God was saying that training children and your household is a vital secret to attract his attention.
A writer said; “prayer and fasting are great! Giving and tithing are great, but they are not enough.
“You must train your household to follow your footsteps and to follow the big foot of Jehovah God (His ways). The best way to raise positive children in a negative world is to have positive parents who love them unconditionally and serve as excellent role models” says Dr. Chris Kwakpouwe of the O.D.M fame.

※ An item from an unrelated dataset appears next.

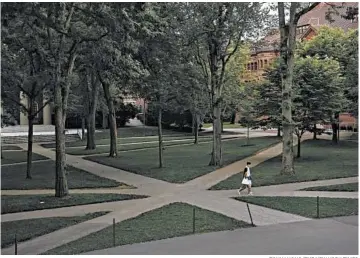 ?? TONY LUONG/THE NEW YORK TIMES ?? The U.S. walked back a policy that would have stripped foreign students of visas if classes were entirely online. Above, a nearly empty Harvard Yard last week at Harvard University.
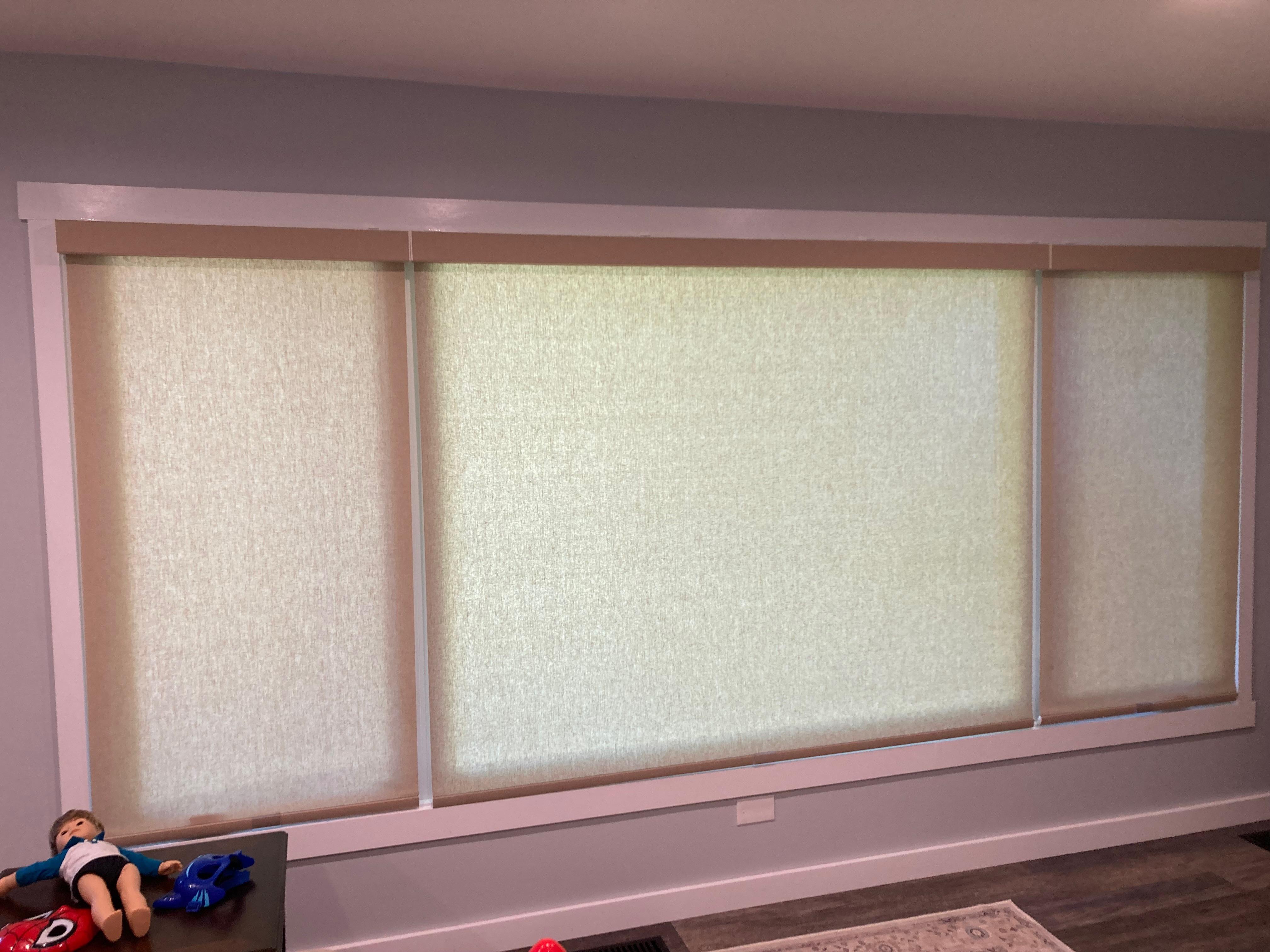 Light filtering roller shades in a living room window cordless with mating fabric wrapped cassettes.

Preaching a sermon at Jerusalem Anglican Church, Diobu, Port Harcourt during this year’s Father’s Day service, June 16, Evangelist Innocent Ezechiedo said fatherhood is a responsibility and that failed fatherhood is the cause of many problems of the larger society – Boko Haram, militancy, delinquency etc.
Evangelist Ezechiedo pointed out that the devil does a lot of havoc in a family when the father or the act of manliness is far from the home.
Said he; “it is not enough to mess up the destiny of your children. When you are back from your job, have enough time with your children. Ask them questions and converse and joke with them”.
Many fathers are successful in business and office but failures at home. The purpose of  Father’s Day is to bring back the original intention of God giving children to parents to give them covering needs at home.
Responsible fathers are compassionate, caring and encouragers. They are people of prayers and good mentors. Fathers are urged to be positive.
God parenting, helps foster empathy, honesty, self-reliance, self-control, kindness, cooperation and cheerfulness.
Good fatherhood helps protect children from developing anxiety, depression, eating disorders, anti-social behaviour,  alcohol and drug abuse, which are the greatest legacies a father should bequeath to his children.
Many people, however, feel that the trend of presenting gifts to fathers recently has led to over commercialisation of the festival thereby relegating the noble idea behind Father’s Day celebration which is basically to enliven the affection of fathers towards their children.